Si inaugura martedì a Pavia “Vista d’artista”, l’esposizione di una selezione di opere di Pierre Buraglio, artista francese di origini italiane che per la prima volta propone in Italia alcuni dei suoi lavori, realizzati nel suo lungo percorso artistico, dagli anni Sessanta a oggi.
La scelta di Pavia come location della mostra nasce dall’amicizia di lunga data con Daniela e Bruno Morani, i fondatori dell’ormai mitico SpazioMusica.
La mostra si tiene presso la sala espositiva del Collegio Cairoli, che, fin dagli anni Settanta ha spesso accolto, promosso e valorizzato esperienze d’arte contemporanea di rilievo e che, con questo nuovo progetto, prosegue la sua tradizione.
Il percorso artistico di Pierre Buraglio inizia alla metà degli anni Sessanta, quando l’artista, dopo “corretti” studi accademici, si affaccia sulla scena artistica francese con opere come i Recouvrements (ricoprimenti), la successiva serie degli Agrafages o quella dei Camouflages. Nei primi sono il colore e il gesto del pittore ad occupare il primo piano e il supporto è un oggetto di recupero occultato, cancellato; i secondi sono lavori dell’artista da lui distrutti e ricomposti in nuove configurazioni, attraverso graffette, nastri adesivi, ovvero mezzi lontanissimi da quelli tipici dell’arte, anche quella più libera; gli ultimi propongono ulteriori camuffamenti del supporto con tele e smalti.
Buraglio appare in quegli anni molto vicino alle esperienze di quegli artisti, poi riuniti sotto il nome di Supports/Surfaces, che concentrano l’attenzione del loro fare sull’aspetto oggettuale dell’opera e solo in un secondo momento sul suo valore pittorico, profondamente nutriti di teorie e ideologie marxiste e rivoluzionarie. Ma proprio quando tali tendenze cominciano a farsi movimento, e forse quindi le opere corrono il rischio di diventare merci sottoposte alle leggi del mercato, Buraglio si ritrae dal mondo dell’arte e comincia a lavorare come operaio in una tipografia.
La scelta non è provocatoria, né sentimentale, non è un romantico immergersi nella genuinità delle classi lavoratrici nel momento in cui l’agognata rivoluzione fallisce: è partecipazione al mondo, è lavoro puntuale e delicato, è arte, anche se in altra forma.
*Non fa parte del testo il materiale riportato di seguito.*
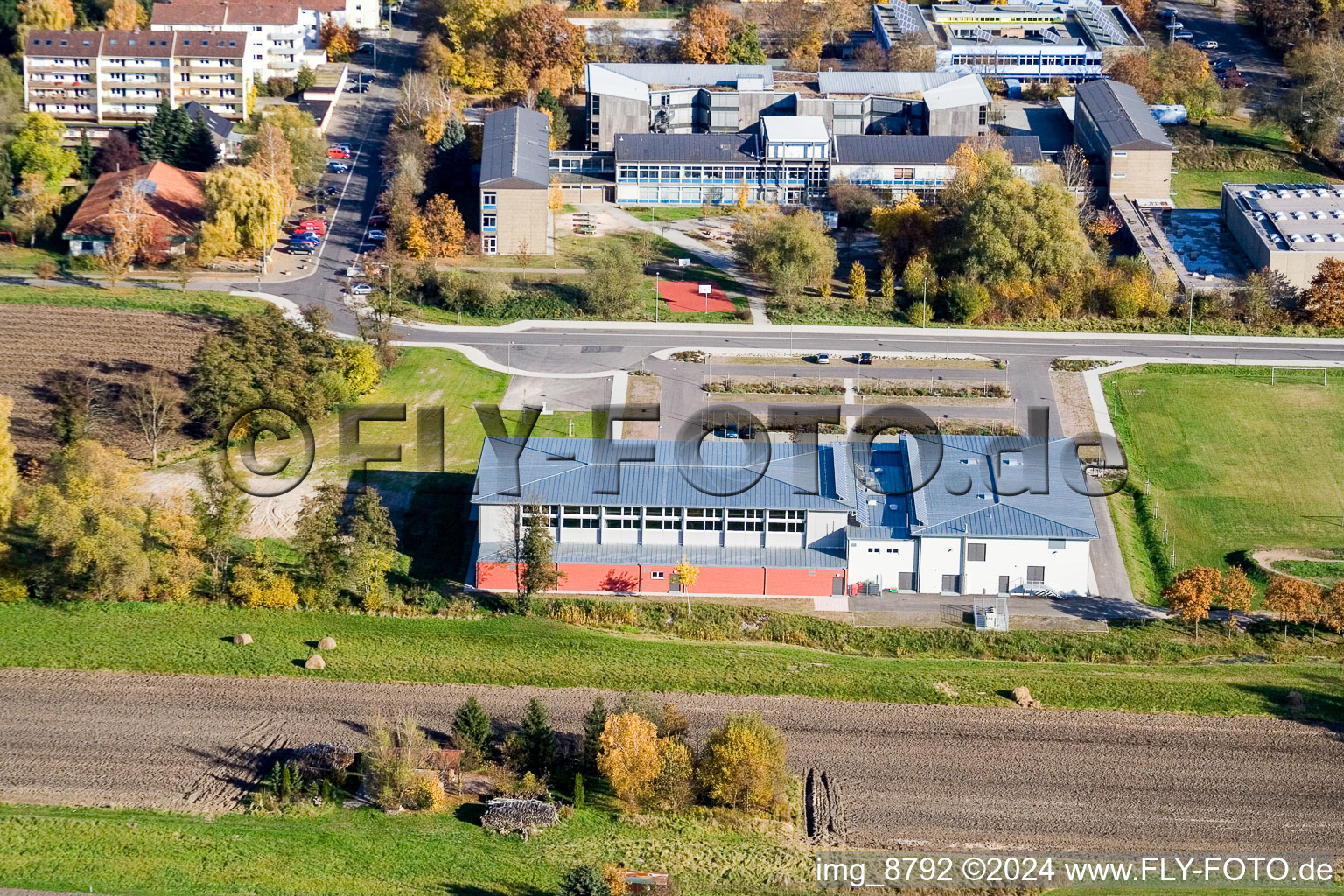 Bienwaldhalle à Kandel dans le département Rhénanie-Palatinat, Allemagne vue d'en haut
L’esperienza non sarà breve e lo occuperà per cinque anni, dal 1969 al 1974, dopo i quali riprende il filo del suo discorso, questa volta partendo dal supporto, dalla cornice, da quegli stessi elementi che aveva coscientemente annullato e nascosto in precedenza. Buraglio gioca ora con il “fantasma della pittura”, utilizza chassis, telai, veri infissi di legno (ancora una volta oggetti recuperati) tra i quali tira fili invisibili o assembla vetri con diversi gradi di trasparenza e di colore che portano, con le loro nitidezze od opacità, il mondo reale nel mondo dell’arte.
Un altro importante passaggio nella riflessione di Buraglio è il confronto con la tradizione, quella dei grandi maestri delle generazioni immediatamente precedenti sino a giungere agli artisti del Rinascimento italiano: non copie, bensì analisi profonde e libere, non ripiegamento, ma nuova creatività.
Il lavoro di Buraglio appare nella sua evoluzione, lenta, meditata, vitale, un percorso profondamente etico che al contempo produce risultati estetici emozionanti, un fare d’artista che, nella sua modestia e perseveranza, non perde neppure per un momento il suo valore forse più alto: la libertà contro ogni ideologia limitante, contro ogni stile imposto dalla critica o dal mercato, contro ogni stereotipo prescritto come realtà.
Per questo motivo il percorso artistico di Pierre Buraglio merita di essere conosciuto anche in Italia. Ecco quindi i motivi per una mostra retrospettiva che mira a colmare questa lacuna e che intende essere fonte di successive e nuove riflessioni sull’arte del tempo presente, sulla sua azione e il suo senso.